Unpaid summer jobs may no longer be a problem

If all goes as planned, students who would normally turn down internships because of prohibitive costs may have the opportunity to apply for stipends starting next fall.

Details of the project have yet to be worked out, but Tufts Community Union (TCU) senators are excited now that money from this month’s $100 million Omidyar donation has been set aside for an internship stipend fund.

“The money has been earmarked; it’s just a question of when,” said TCU Historian senior Ed Kalafarski said. A student and faculty committee has yet to be put together to work out the details of the project.

All of the donation made by Pierre and Pam Omidyar will go into a microfinance investment fund. The fund will give loans to small businesses in developing countries. Half of the interest from these loans will go back into the microfinance fund, while the other half will go back to Tufts.

“It’s kind of a victory that any of the money is going to campus programs,” Kalafarski said. According to Kalafarski, the expected interest return is nine percent.

There is much to be settled before the program becomes a reality for students. Despite enthusiasm from the Senate, Dean for Undergraduate Education James Glaser was cautious in his description of plans for the project.

“There are no details yet because it is too early,” Glaser said. “It was just announced two weeks ago, and the president was in India, so there’s plenty of things that have to happen before this goes into place.”

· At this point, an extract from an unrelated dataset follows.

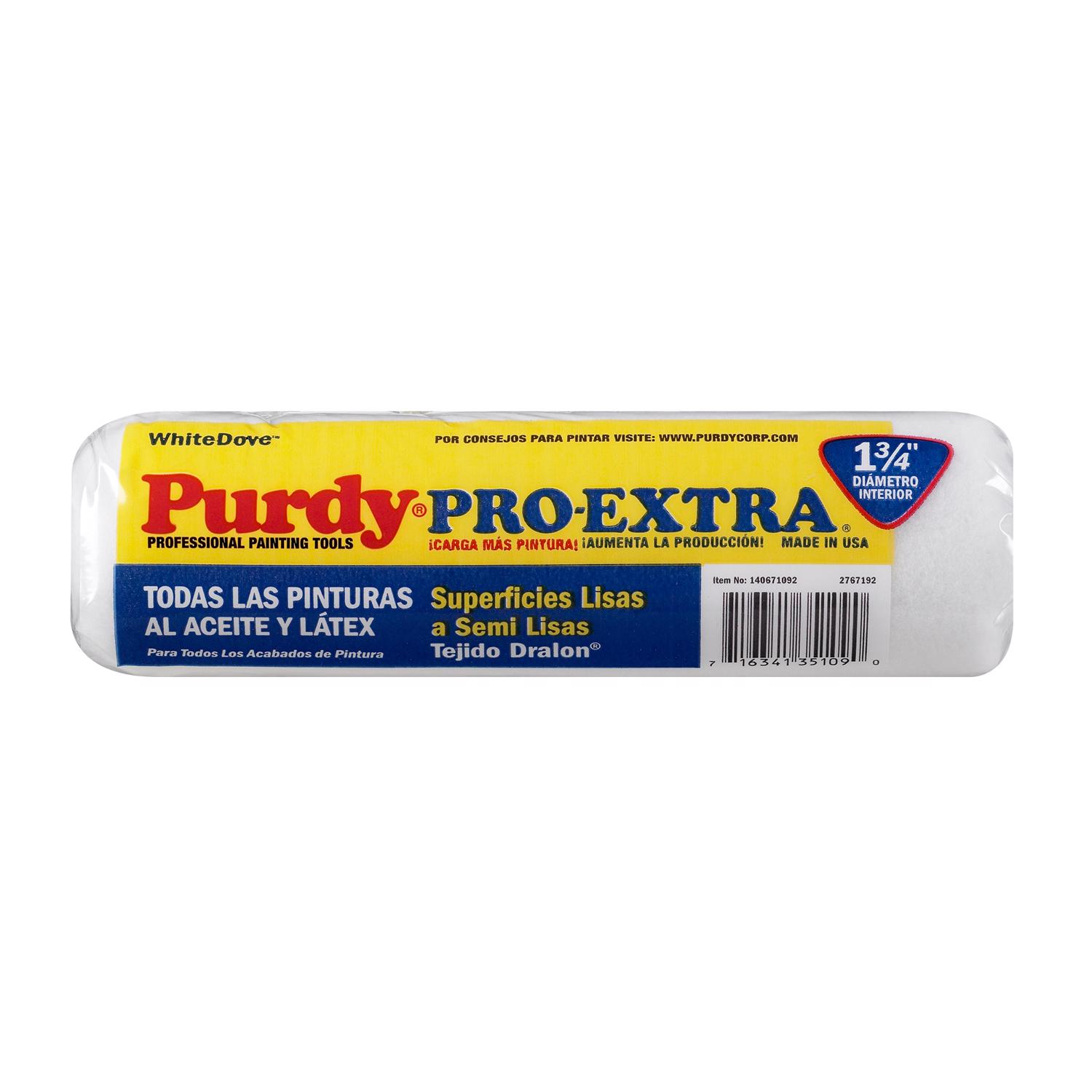 Purdy White Dove Woven Dralon Fabric 9 in. W X 3/8 in. Paint Roller Cover 1 pk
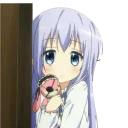 Video sticker 😶 "Ayaka" chino kafuu @Nekosticker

Senator Rafi Goldberg, a senior, played a key role working with administrators to set up the internship stipend fund. Starting six months ago, he attended several meetings helping to conceptualize the program.

Fundraising for an internship stipend was originally slated to fall under the University’s next capital campaign, before the news of the Omidyar donation broke.

Goldberg will not be at Tufts to witness the completion of this project, but he is happy about “the fact that the student body was able to successfully advocate for a program that’s really important,” he said. “It’s a testament to how receptive the administration can be here.”

The creation of an internship stipend fund was a central part of Goldberg’s unsuccessful campaign for TCU President last spring. He wanted to do this project so less privileged students would not have to chooe between “a summer in Washington and a summer at Wal-Mart.”

“We want [Tufts students] to get that real world advantage, and to have that competitive advantage in the real world,” Goldberg said. He said most of the funding will probably go towards helping students in non-profit and government internships.

“It’s all very preliminary,” Glaser said. “I’m not even sure when the money is delivered. There’s quite a bit of work we have to do.”